Jonah Goldberg cannot find meaning
Jonah Goldberg, in an editorial published in the editorial pages of the various newspapers which published it, and on the National Review website, penned an article on the intellectual exercise craze of the day — attempting to sort out the items of popular culture which define the Bush Era. Or, this Bush Decade, kind of, which is about to end, kind of.
The generic “Cult of the Presidency” is at work with these definitions, as well a bit of …
Likewise, the 1980s and 1990s felt like real decades, whether you hated them or not. Reagan and Bill Clinton, through force of personality alone, helped give the ’80s and ’90s a coherence.
But it doesn’t feel like we can say the same thing about George W. Bush’s oughts, in no small part because Bush showed neither the interest nor the ability to dominate the culture.

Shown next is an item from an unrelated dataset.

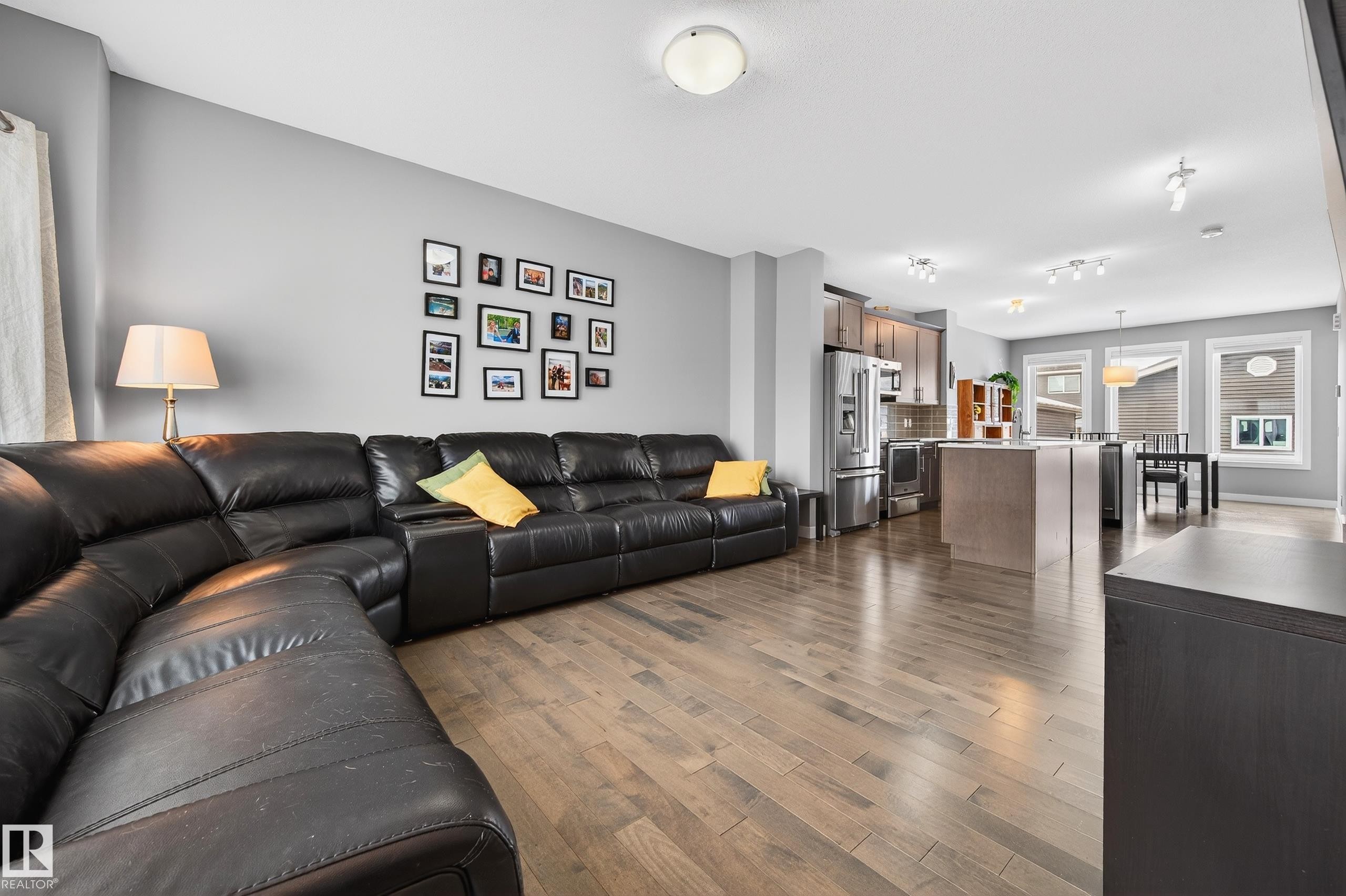 3428 Cherry Way Sw, Edmonton, AB - Indoor Photo Showing Living Room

Funny thing, though, is that if you go back to 1995 and 1996 and 1997, you’ll find published opinions stating that Bill Clinton has not forced his dominance on the decade as have such figures as Ronald Reagan, that there is no “Clinton Decade”. Maybe the Clinton Decade didn’t begin until the Monica Lewinsky Scandal, and it ended soon thereafter. It appears we have granted Clinton the Seinfeld “Presidency about Nothing” honor, extolling the trifles and tribulations of the turbulent world. And Darrell Hammond has defeated Phil Hartman for the SNL impersonation of Clinton. The policies of the president himself? I don’t know — he did some good things, he did some bad things, he sought to privatize Social Security but we like to pretend he didn’t, the dot-com bubble burst at the beginning of Bush’s administration and was sort of immediately floated into a housing boom — none of this matters or it all matters very little in assessing the “Clinton Decade” and the “Force of Personality” “Clinton imposed” on the “1990s Clinton Decade”.

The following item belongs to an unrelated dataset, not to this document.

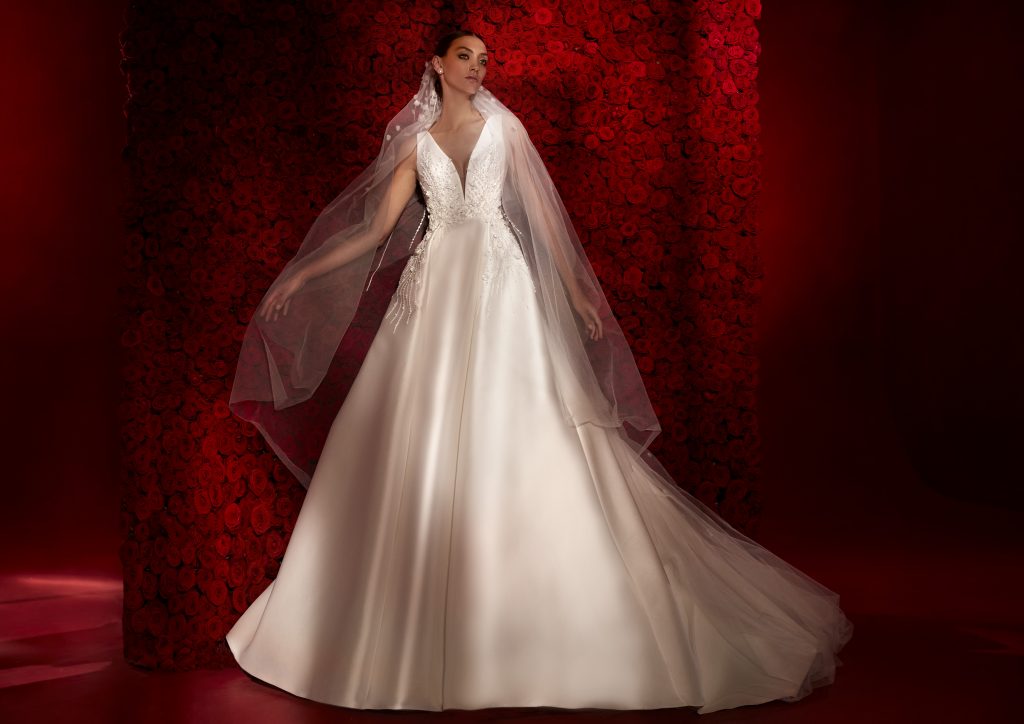 pronovias 2022 collection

Bush? The entire nation has been trying to forget about for the past two years. Which leads the pop culture equation to this line a little off:
Neither the pro-Bush nor anti-Bush segments of society seemed to control the commanding heights of the popular culture. After 9/11, the Bushian forces seemed to dominate — freedom fries, 24, the Dixie Chicks’ implosion — but that didn’t last long. And, with the exception of a brief counter-Bush surge led by the lefty blogosphere, Jon Stewart and the re-imagined coffeehouse rock version of the Dixie Chicks, the battle for decade dominance has been between a fizzle and a deadlock.The war on terrorism doesn’t define young peoples’ lives, but neither does Bush-hatred. Virtually all of the antiwar or anti-Bush screeds put out by Hollywood over the last year, including Oliver Stone’s latest doggerel, have bombed.
Few people want to watch a movie about George W Bush. The anti-Bush screeds peeter out because we are all anti-Bush to the point where we are all post-Bush — there is no culture and (quasi)counter culture to be pushing up against. And he forgot Green Day’s “American Idiot”. Or, for that matter, to list something besides 24 as pro-Bush pop culture emphemia.
 Goldberg ends with an existential question.:
The interesting question is whether Obama can — with the aid of his accomplices — impose a meaning on our age, or whether the age of meaning itself is over.
Only by requiring all federal buildings to carry that one piece of iconography (you know what I’m referring to), banners hanging over every bridge and every building — Dear Leader Kim Jong Il style. Otherwise, we’ll just have to shift meaning out of a pile of a series of Economic Stimulus bills in order to fill our empty little lives.